Il comitato referendario restituisce una parte dei soldi della campagna finanziata con le donazioni dei cittadini. Carsetti, Forum: “Con quello che resta finanziamo le campagne per l’attuazione dell’esito, ancora disatteso, dei referendum”
Il rimborso elettorale? Torna nelle tasche dei cittadini. Parola del Comitato Referendario “2 Sì per l’Acqua Bene Comune”. Dopo aver stravinto il referendum per l’acqua pubblica a giugno dello scorso anno, il Comitato comincerà da domani a restituire i soldi ricevuti per la raccolta fondi. “Tra campagna raccolta firme e campagna elettorale abbiamo raccolto in totale circa 450mila euro”, spiega Paolo Carsetti del Forum Italiano dei movimenti per l’acqua. “E ora li restituiamo a chi ha creduto in questa battaglia”. Perché la loro, spiega, è stata una “campagna di autofinanziamento partecipativo in cui abbiamo chiesto ai cittadini un prestito”. Se da un lato il Movimento 5 Stelle i rimborsi elettorali non li accetta proprio (o finanzia progetti con gli emolumenti degli eletti), il Comitato qui aveva chiesto di finanziare una battaglia, scommettendo sulla vittoria: “E in caso di vittoria avremmo restituito quanto avevano versato”.

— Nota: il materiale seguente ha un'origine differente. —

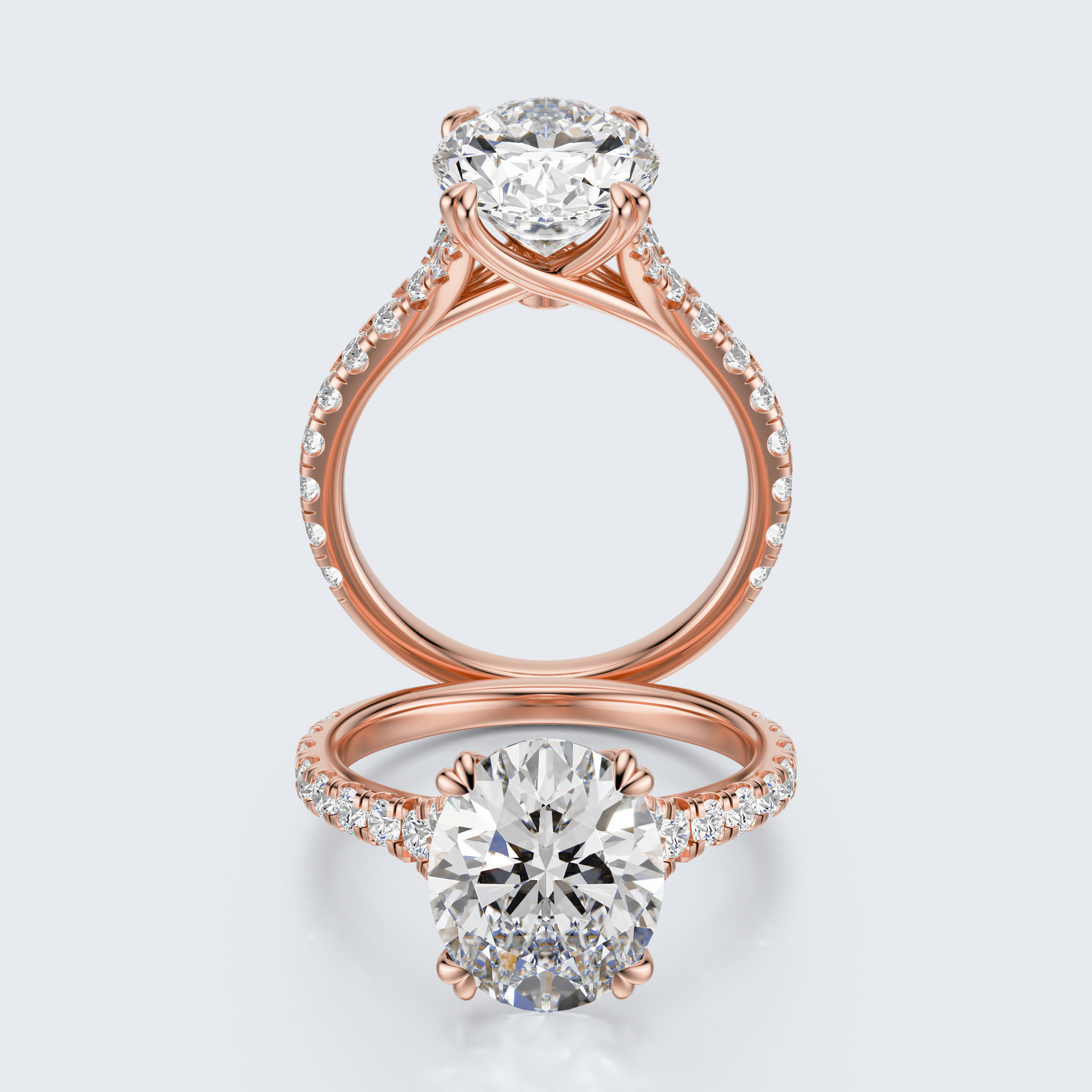 Oval cut engagement ring 3D print model_9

Vittoria raggiunta, rimborso incassato e scommessa vinta. Ed ecco che da domani prenderanno il via le restituzioni, attraverso la Banca Etica dove il Comitato ha il suo conto. Una promessa, un contratto con i sottoscrittori: questo è stato il finanziamento della campagna per i referendum sull’acqua che, insieme a quello sul nucleare, a giugno hanno visto il voto di 26 milioni di italiani. Quella del Forum, spiegano, è “la prima totalmente sostenuta dai cittadini e dalla società civile”. E senza bandiere di partito. “Ci sono arrivate moltissime sottoscrizioni attraverso il sito”, raccontano i referendari. “Chi voleva sostenere la campagna referendaria con almeno 50 euro sottoscriveva un contratto che impegnava il comitato a restituire i soldi in caso di vittoria”.
Il tempo di rispettare quell’impegno è arrivato: il rimborso elettorale dello Stato ammonta a più di un milione di euro. La legge, infatti, prevede che venga restituito un euro a firma raccolta fino ad un massimo di 500mila (firme, ovvero il quorum, ed euro). Il comitato allora aveva raccolto 1 milione e 400mila firma per tre quesiti, due dei quali alla fine ammessi alla consultazione referendaria. Restituiti i soldi ai “finanziatori” (100mila euro raccolti con le sottoscrizioni dei cittadini e 350mila delle realtà del comitato promotore: una miriade di associazioni, dai sindacati ai piccoli gruppi di acquisto), restano quindi nelle casse del Forum più di 550mila euro. Anche qui la promessa è di massima trasparenza. Il bilancio consuntivo al 31 dicembre 2011 della Campagna referendaria Acqua bene comune è pubblico e consultabile on line.
E il resto dei fondi servirà per le prossime campagne del comitato. Come quella, già partita, di “Obbedienza civile”: pagare le bollette, relative ai periodi successivi al 21 luglio 2011, applicando una riduzione pari alla componente della “remunerazione del capitale investito. Tradotto: se l’esito del referendum non viene applicato dalle istituzioni e dalle aziende, ci pensano i cittadini a pagare a norma di legge. “Dobbiamo portare avanti tutte le iniziative e le campagne per l’attuazione degli esiti referendari ad oggi disattesi”, spiega ancora Carsetti, “anche con l’ultimo decreto sulle liberalizzazioni e i suoi emendamenti”. La campagna Obbedienza civile, ad esempio. Per arrivare “a una gestione pubblica e partecipativa del servizio idrico con il finanziamento di manifestazioni, mobilitazioni territoriali o nazionali, convegni, materiali vari di promozione”. Non solo: “Ahinoi – conclude Carsetti – saremo anche costretti a fare azioni legali di fronte ai Tar viste le delibere degli Ato in cui viene inserita ancora la remunerazione del capitale investito abolita col referendum”.